Facebook Just Explained How It Will Treat Websites That Share Blueprints of 3-D Printed Guns
PARIS, FRANCE - MAY 24: Mark Zuckerberg, chief executive officer and founder of Facebook Inc. attends the Viva Tech start-up and technology gathering at Parc des Expositions Porte de Versailles on May 24, 2018 in Paris, France. The VivaTech exhibition in Paris brings together nearly 1800 start ups alongside the largest international groups. (Photo by Christophe Morin/IP3/Getty Images)

Not everyone will be happy about this.

In the interest of public safety amid the ongoing national debate over gun control, Facebook announced on Thursday that it will forbid the blueprint sharing or distribution of 3-D printed guns on its social media platform.


Facebook's rules already prohibit sales and exchanges of guns except by licensed dealers. Facebook said in a statement:

Sharing instructions on how to print firearms using 3D printers is not allowed under our Community Standards. In line with our policies, we are removing this content from Facebook.

Facebook's decision is part of a broader conversation between supporters of gun rights and advocates for public safety.

Gun enthusiast Cody Wilson sought to create a "Wikileaks for guns" in 2013 by posting instructions on how to print 3-D plastic guns at home. He sued the federal government in 2015 and in a settlement was permitted to post his plans online.

Wilson printed his first 3-D gun, "The Liberator," out of ABS plastic in 2012. ABS plastic is the material used to make Legos.

"I'm a radical individualist," Wilson told CNN Money's Laurie Segall in 2017. "I don't like the imposition of state controls over human flourishing and creativity, freedom, individuality. And so, the way to oppose these things is to undermine the powers of traditional liberal institutions."

Wilson added that the First Amendment should protect his right to post his blueprints online for anyone to access.

"I want people to know that it's legal to publish this information online," he said at the time. "Do public libraries perform background checks on people before they read books? That's just not how speech and publication works."

Because of this, Wilson has garnered a reputation for being "one of the most dangerous people on the Internet."

That changed in July.

Last month, a federal judge ruled that a website run by Wilson had to take down its instructions on how to create 3-D printed guns.

Judge Robert Lasnik sided with 19 states and the District of Columbia, who argued that because 3-D printed guns have no serial numbers and are untraceable, access to building instructions would allow individuals to skirt background checks. Plastic weapons would also be undetectable by metal detectors, plaintiffs argued.

"Plaintiffs have shown a likelihood of success on the merits of their Administrative Procedure Act claim," the judge wrote.

Gun control advocates lauded Facebook and the court's decision.

"If Cody Wilson is not stopped, then what we will find is a universe where the internet has plans to 3-D print any kind of weapon anybody wants," Brady Campaign co-president Avery Gardiner told Nightline, "with printers that make that incredibly easy for someone to do in only a few hours in their garage or in their living room."

The court's ruling, however, only applies to the sharing of data online.
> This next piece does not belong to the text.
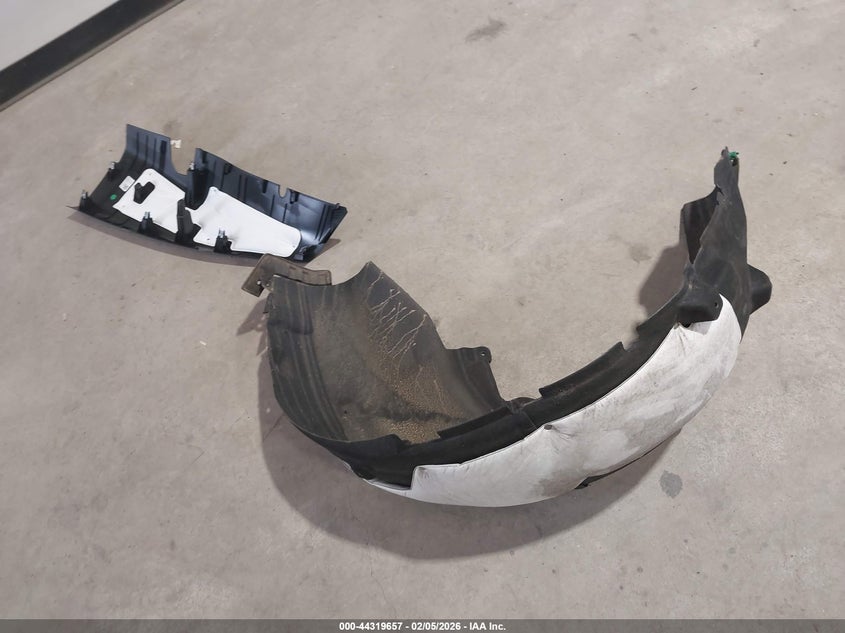 2025 Volvo Ex30 Ultra Twin Motor Performance, Fully Electric VIN: YV4EK3ZL4SS147781 Lot: 44319657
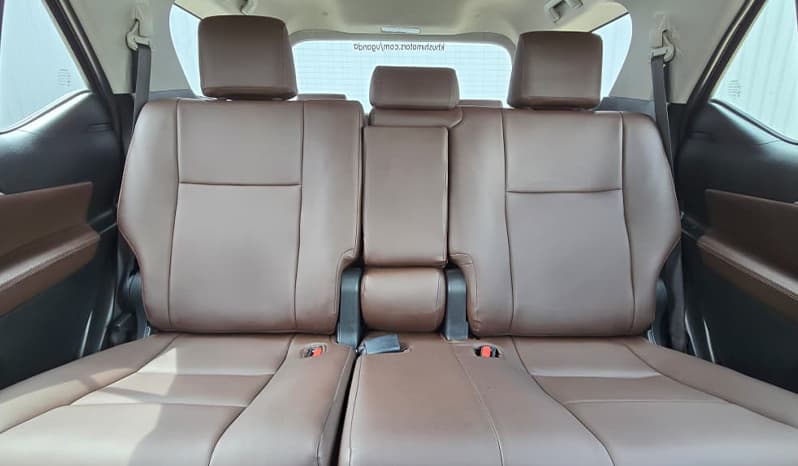 2017 Toyota Fortuner image-9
Wilson has developed a "computer-automated milling machine," which he sells for $2,000 and that has the capability of "carving" metal parts for firearms such as the glock and AR-15.

“This will take you a couple of hours, and it doesn’t require your constant intercession,” Wilson said of his in-home gun maker.

These homemade "ghost guns" can be generated anywhere and by anyone willing to purchase the necessary equipment.

“The term ghost gun refers to guns that really appear out of nowhere," Gardiner said. "We don’t have any register of who bought them, how they were sold."

“We have seen ghost guns used in shootings around America in the last several years,” Gardiner said.

Five years ago in Santa Monica, California, for example, several people were killed when a gunman wielding a "ghost gun" opened fire. The shooter had been barred from purchasing firearms due to mental health conditions, which prevented him from passing a background check.

Wilson acknowledged the risks but insists he is on the side of free speech and the Second Amendment.

“This isn’t just like playing games on your keyboard, right, on the internet? I’ve had customers arrested, right, in other states for owning guns when they shouldn’t have,” Wilson said. “But, again, [I’m advocating] that these are the necessary consequences of ensuring the people’s right to keep and bear arms.”

Wilson added that his goal is to help people empower themselves by giving them the tools to build their own weapons.

“A gun is power and this is the essence of this project… I'm actually giving people the means to create a power for themselves and I'm zealous to do that. That's real for me” he said. “People can misuse it, but it's power all the same. It's a conversation beyond good and evil.”

Wilson also launched a crowd-funding site, Hatreon, which has also been shut down. Wilson compared his online efforts to libraries, in that libraries don't require background checks to read books.

"Any book is, in the right hands, like a grenade. This can't be controlled and we shouldn't try to control it," he told CNN. "These personalities that use Hatreon ... are at worst trolls, performance artists, provocateurs, vulgarians. At best, they represent through their hyperbole or through their extreme thinking and presentations elements of a political speech that should not be censored."

Wilson also said that he doesn't see an immediate danger in giving people access to information.

"I don't believe that access to information is ever tremendously negative or a bad thing. I know that people can use information for bad things. But this isn't a justification to what, stop a publisher from speaking," he said. "Is democracy dangerous or not? Can people be trusted or not?"

Allan Gottlieb, co-founder of the Second Amendment Foundation, said the court's ruling infringes upon free speech and the right to bear arms.

"If you're allowed to own a firearm in your own home," he said, "you should be able to make the firearm in your own home if you can't buy one locally because of crazy restrictions."